#### Required action:
Each entry must be given again exactly as it appears, with images excluded.

#### Records shown:
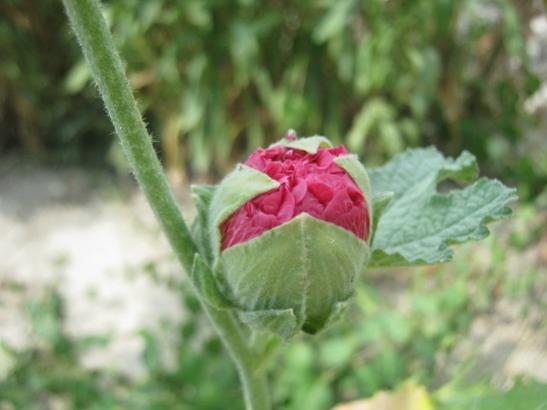 Name:  hatmi--.jpg
Views: 1144
Size:  26.4 KB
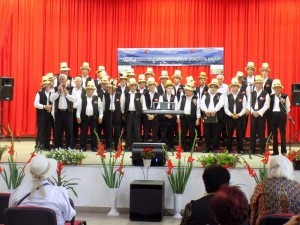 Sărbătorile-culturale-ale-oraşului-Şomcuta-Mare2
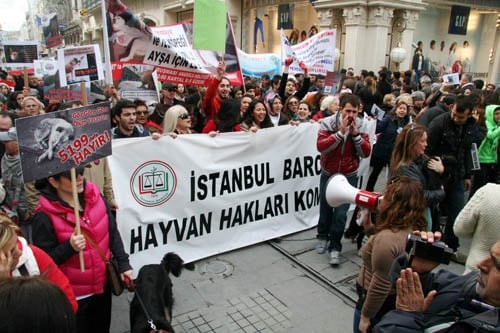 Hayvanseverler Yaşam Hakkı İçin Yürüdü

 - 44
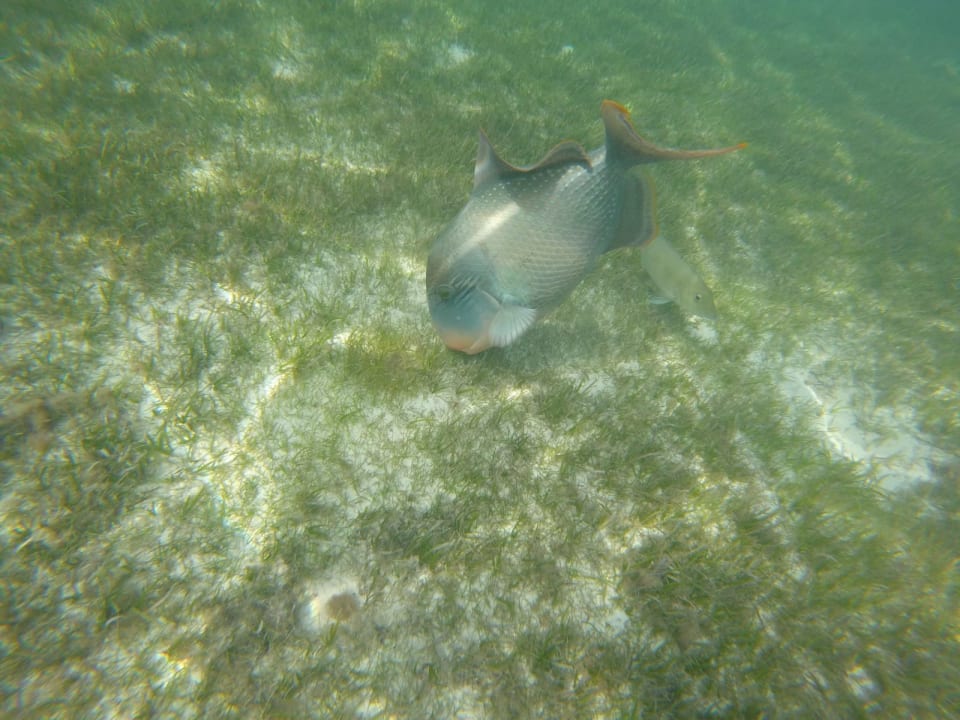 Strand Kuredu Island Resort & Spa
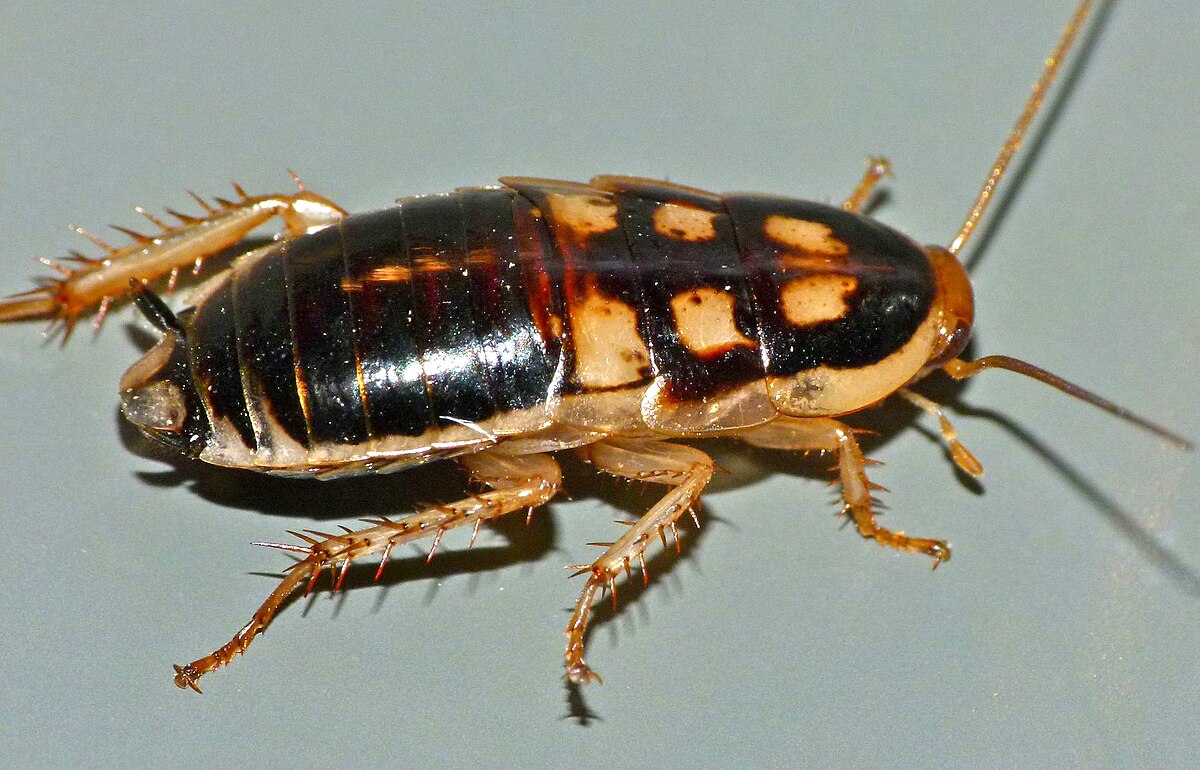 Celatoblatta quinquemaculata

#### Written solution:
 Name:  hatmi--.jpg
Views: 1144
Size:  26.4 KB
 Sărbătorile-culturale-ale-oraşului-Şomcuta-Mare2
 Hayvanseverler Yaşam Hakkı İçin Yürüdü

 - 44
 Strand Kuredu Island Resort & Spa
 Celatoblatta quinquemaculata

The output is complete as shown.